In urine, this pristine crystallinity is complicated by proteins and complex sugar molecules made by the bacteria, as well as native to urine. So one does not get pretty prisms in stones but a mixture more like concrete. The stones can grow very fast because urine magnesium and urea are limitless, and bacteria are alive and furnish enzyme. Their own bodies add to the stone mass, which is also alive, in a way, and thoroughly infected.

Crystals Grown in Vitro

Many labs have added urease possessing bacteria to human urine or solutions closely simulating it. This well done and recent study gives a dramatic picture of the bacteria on the crystal surface (Below left).

The crystal mass fills the frame, like a mountain range. The tiny dots are colonies of bacteria and also – tiniest – individual bacteria, the founders of this relatively massive solid phase. We are looking at an open face at 800 fold magnification, for reference. If one broke open another layer one would find the same picture so the mass of bacteria is quite large.

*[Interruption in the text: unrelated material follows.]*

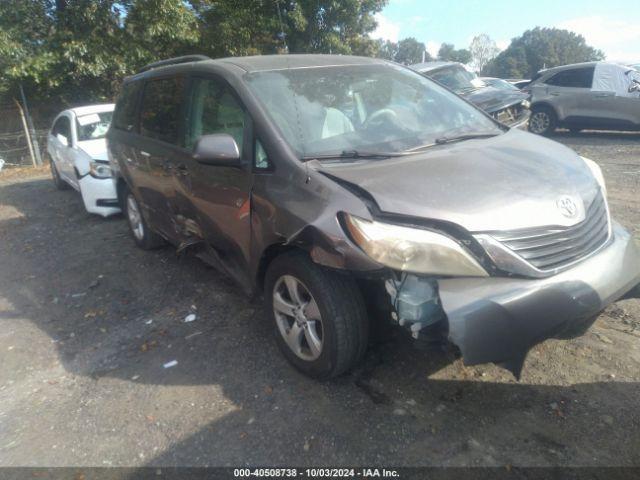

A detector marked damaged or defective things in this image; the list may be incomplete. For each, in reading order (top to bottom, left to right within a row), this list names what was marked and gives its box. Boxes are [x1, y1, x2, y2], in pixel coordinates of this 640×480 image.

damaged silver toyota sienna minivan [107, 54, 636, 378]
dented front quarter panel [438, 222, 640, 378]
crumpled front bumper [440, 222, 640, 378]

An ancient study like this one but with techniques of far lesser power is a worthwhile read just for the illustrations and a sense of history. It described crystals and bacteria in 6 patients and shows what the crystals look like under a common light microscope and with the (then) cutting edge electron microscope. It shows bacteria and crystals clumped together, the bacteria ‘gluing’ crystals together to make the large stone structures. My copy has grainy images that I do not want to show. The Journal of Urology does not seem to offer high quality images from 1985.

Secondary Crystals

No surprise that high pH and new formation of bicarbonate will promote crystallization of calcium crystals. At a pH of 8 or 9, urine phosphate will be exclusively divalent negative and prone to crystallize with calcium. In addition, carbonate species will be prevalent because of the high pH. So calcium phosphate crystals will form, and gradually mature into apatite but in the presence of considerable carbonate ions the apatite will commonly include carbonate in its lattice (carbonate apatite is a common shorthand).

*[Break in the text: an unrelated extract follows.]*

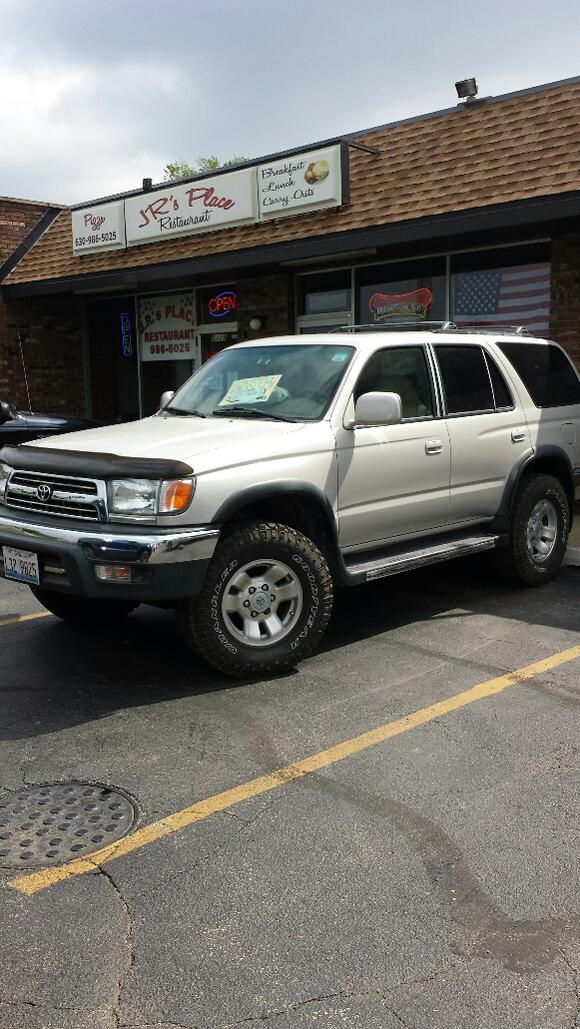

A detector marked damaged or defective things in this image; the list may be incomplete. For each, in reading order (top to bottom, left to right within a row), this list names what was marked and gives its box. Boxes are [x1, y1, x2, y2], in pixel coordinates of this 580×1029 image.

pavement crack [99, 864, 136, 1024]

This means that struvite stones not rarely include calcium phosphate crystals, or calcium carbonate or – more usually – carbonate apatite – hydroxyapatite as in calcium phosphate stones with a rich addition of carbonate ions. This seeming arcana matters because of confusion. Calcium phosphate or carbonate crystals do not automatically imply urine abnormalities of metabolic origin as in routine calcium phosphate stones. They can be produced simply by the actions or urease in urine. On the other hand, struvite does not exclude the possibility of an underlying metabolic stone origin, either. So as in all of stone management clinical evaluation and common sense must always dictate action.

Does this mean that I do a full evaluation for cause in patients with struvite stones? It depends. If infection has an obvious cause timed well with the struvite stone and no prior calcium stones ever former, perhaps not. Otherwise, indeed yes.

The Bacteria

Associations with Struvite

Using DNA as opposed to routine culture methods and advanced crystallography to document stone crystals, this study has correlated bacterial species with stone crystals.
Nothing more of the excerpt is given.